# Metal (V60) Filters



## Hairy_Hogg (Jul 23, 2015)

After my posts on the general lack of bleached filters on Amazon (yes, I know other stockists have them) it lead me to thinking about metal ones. A quick Google shows me that Hario have a metal filter for about £40 but reading the reviews it seems the drawdown is slower which has led to mixed reviews. Was wondering if anyone has any experience of metal filters and if there was a solution that was recognised as 'good' once you had sorted an adjustment to grind?


----------



## MWJB (Feb 28, 2012)

Cafeor 02?

I have a couple.

Bloom as a spiral pour then pour remaining pulses straight down the middle. This will go against many people's intuition but you don't want a large amount of water above the bed. Don't be afraid of having a sink hole in the bed, the brewer drains more horizontally than paper filters.

Won't be quite like a paper filtered brew, in terms of mouthfeel, but it does work well.


----------



## Hairy_Hogg (Jul 23, 2015)

MWJB said:


> Cafeor 02?
> I have a couple.
> Bloom as a spiral pour then pour remaining pulses straight down the middle. This will go against many people's intuition but you don't want a large amount of water above the bed. Don't be afraid of having a sink hole in the bed, the brewer drains more horizontally than paper filters.
> Won't be quite like a paper filtered brew, in terms of mouthfeel, but it does work well.

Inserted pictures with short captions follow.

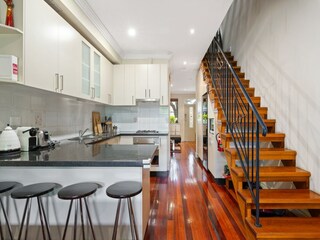 Appartement Sydney Équipement 9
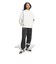 IX9873　W NEUCL OS SWEAT　CLOUDWHITE　682435-0001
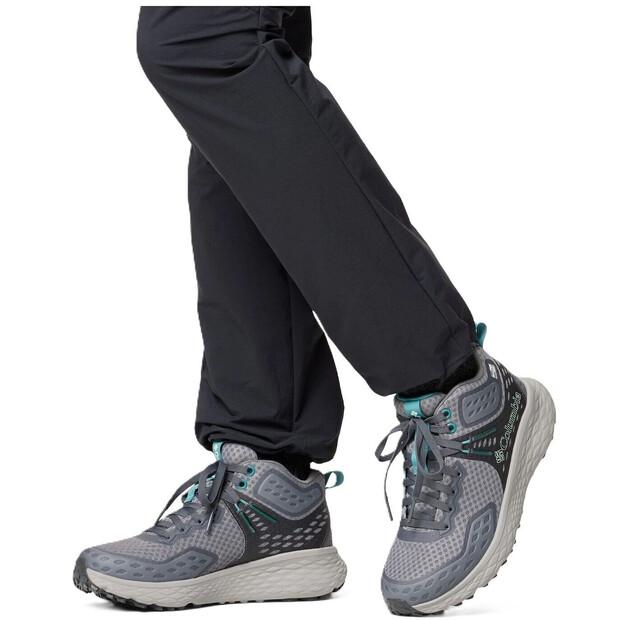 Ботинки Columbia Konos TRS Outdry Mid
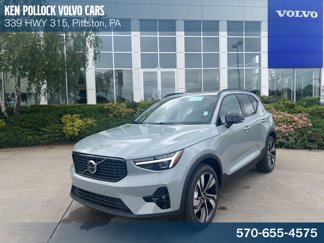 New 2026 Volvo XC40 B5 Ultra image 1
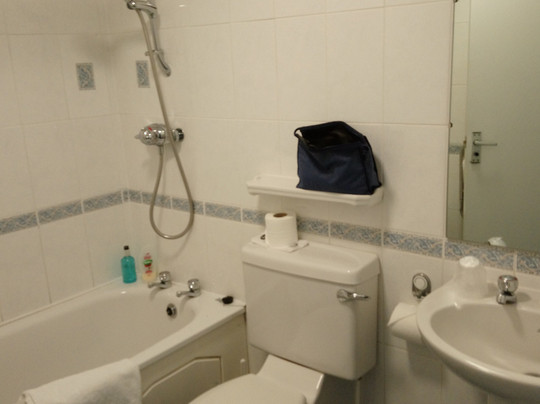 TLH Victoria Hotel主图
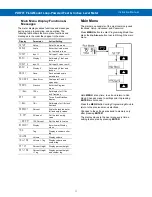 Preview for 11 page of PRECISION DIGITAL PD6701 Instruction Manual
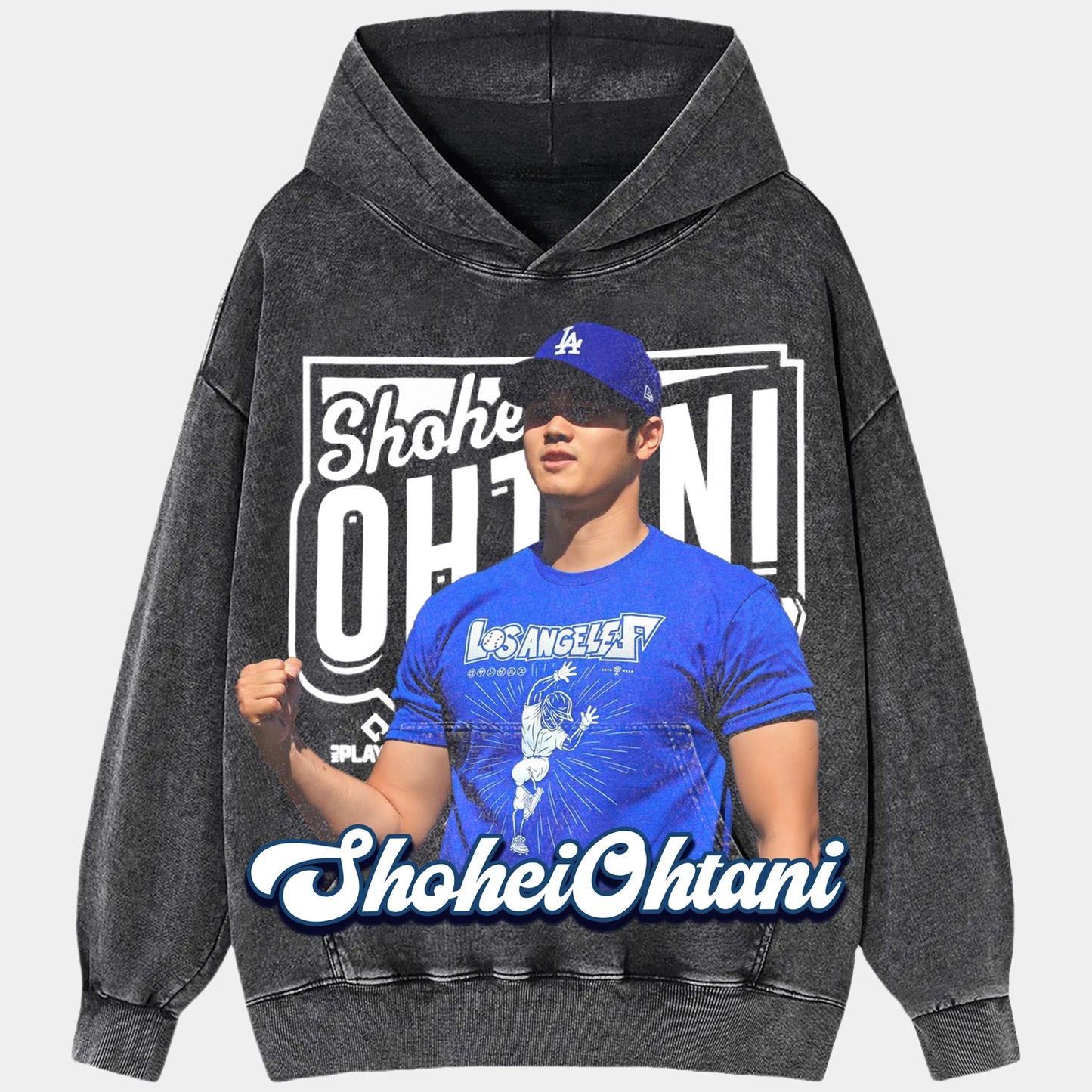 Shohei Ohtani TEE 8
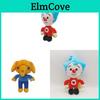 Plim Plim Plüschtier Magischer Clown Weicher Teddy Für Kinder Und Sammler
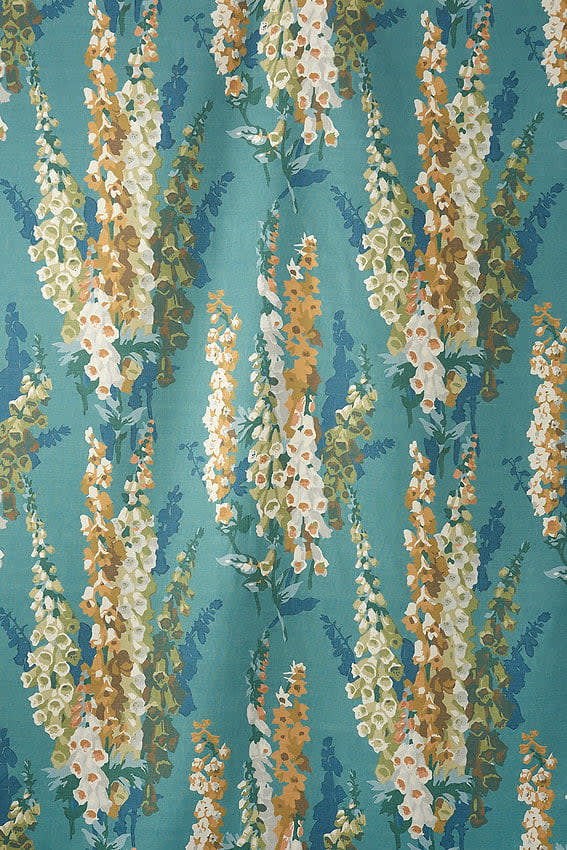 Lustmore Turquoise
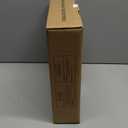 EWFEN 12 Inch Tri-Ply Stainless Steel Frying Pan, Compatible with All Cooktops Up to 600, Large Frying Pan with lids, Induction-Ready Skillet, Dishwasher and Oven Safe, Even Heat, 12" Skillet + Lid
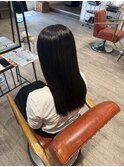 ラベンダーカラー！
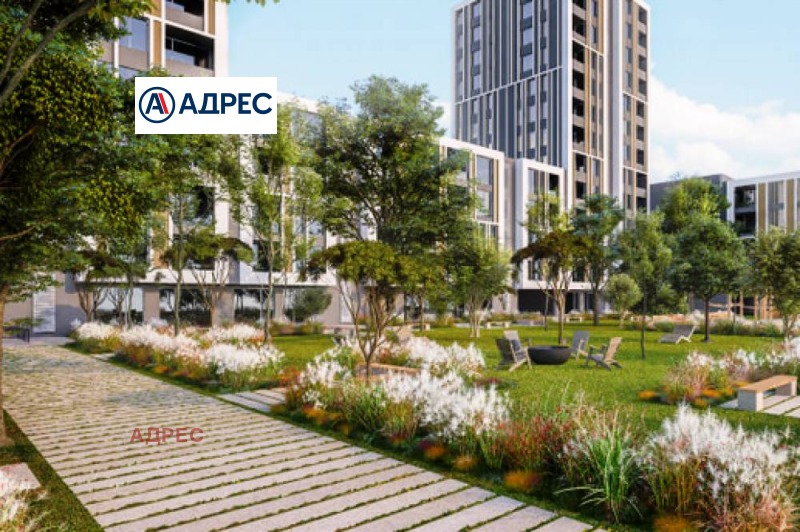 De vânzare  1 dormitor Varna , Asparuhovo , 74 mp | 68339408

I had a thought and checked a box of 'old' coffee bits and sure enough I have a Cafeor 01 which was out in their when the complementary glass cup broke (as well as two packets of 02 size filters)


----------



## micaela (Jan 12, 2021)

I bought a metal filter this July from amazon for less than 9 pounds, and it worked like a charm ~3 times before getting clogged up. I have used inordinate amounts of baking soda, vinegar, boiling water but water just won't drip fast enough, even doing a full cleaning after each brew. Happy to get recommendations for a proper metal filter!


----------